LONDON: Leicester City manager Claudio Ranieri says England striker Jamie Vardy is relishing every moment of his high-profile bid to break a long-standing Premier League scoring record.
Vardy will set a new Premier League record if he scores in an 11th consecutive match when second-placed Manchester United face top-of-the-table Leicester at the King Power Stadium on Saturday.
The 28-year-old equalled former Manchester United star Ruud van Nistelrooy’s 10-game scoring record, set 12 years ago, in last week’s 3-0 win over Newcastle United.
Vardy, who was playing non-league football just a few years ago, has found himself increasingly in the spotlight as his record chase gathered pace and Ranieri claims his player has quickly learnt to love the attention.
“I think it’s good Jamie has this — maybe all his team-mates will try to help him. But the main idea is the team. After there is Jamie, there is me and everybody — the team,” Ranieri said.

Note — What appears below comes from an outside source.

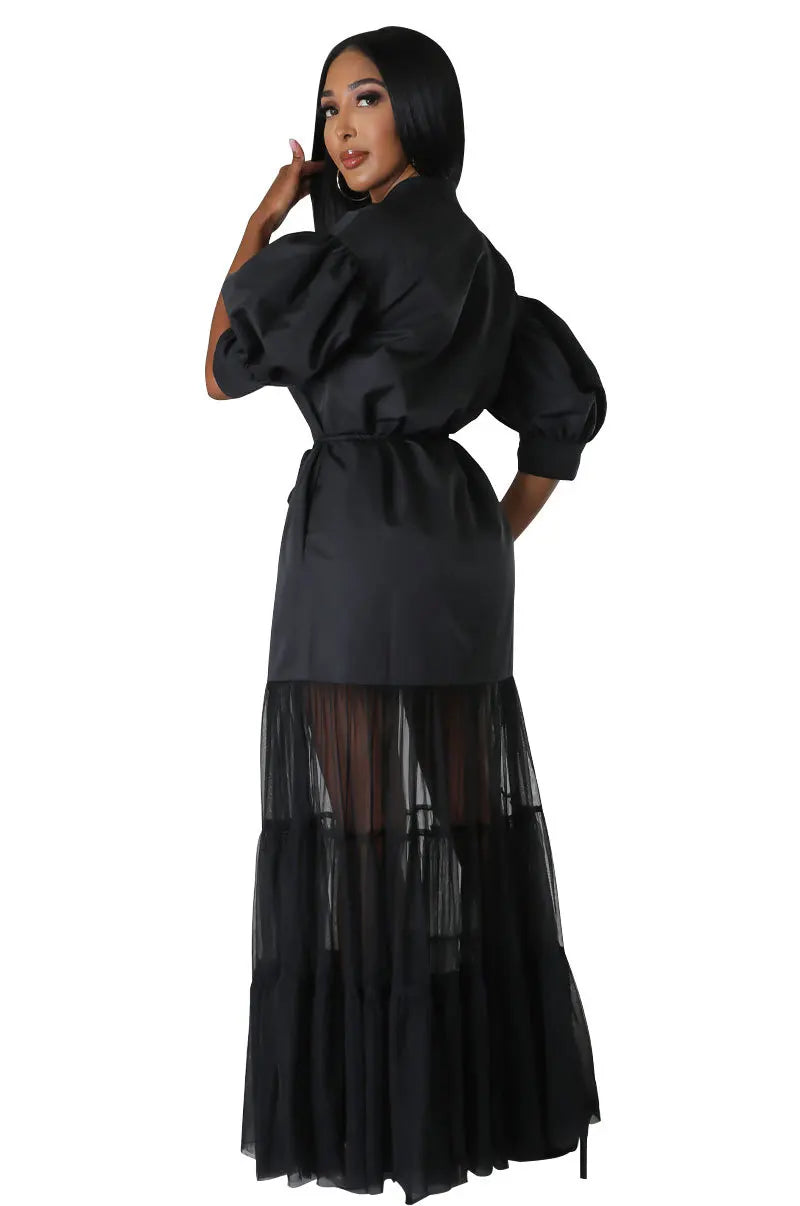 Close-up of the intricate lace-up detail on a chic women's ankle-length dress, showcasing luxurious craftsmanship.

“I hope for him and the fans he gets the record but sooner or later someone will break the record. I hope for Jamie he does it.
“He’s the same this week. We have a very good spirit, we know on Saturday there will be a very good challenger for us. It’s great for us to improve.”
Vardy’s meteoric rise has encouraged the striker to launch a new academy to find the next generation of players who can make the giant leap from non-league football to the top tier.
Vardy is the Premier League’s top scorer this season with 13 goals, but the glamour of his current fame is a far cry from the days when he plied his trade in the semi-professional ranks with Fleetwood, Stocksbridge Park Steels and Halifax.
Announcing his V9 Academy, Vardy said he hopes to discover talent in non-league and stop players drifting away from the professional game if they get released by league clubs as youngsters.
“I know there are players out there in a similar position to where I was that just need an opportunity,” he said.
“More and more players are dropping out of the system early. For me, it was at Sheffield Wednesday when I was 16 because they thought I was too small. I remember how that felt and it’s difficult to come back from or even think about the professional game.
“I’ve thought for some time that something could be done about it and after several conversations with my agent and my fiancee, Becky, we decided to set up V9 to unearth talent and give those players a shot — hopefully at earning professional contracts but also to learn what it takes to be a professional at the highest level.”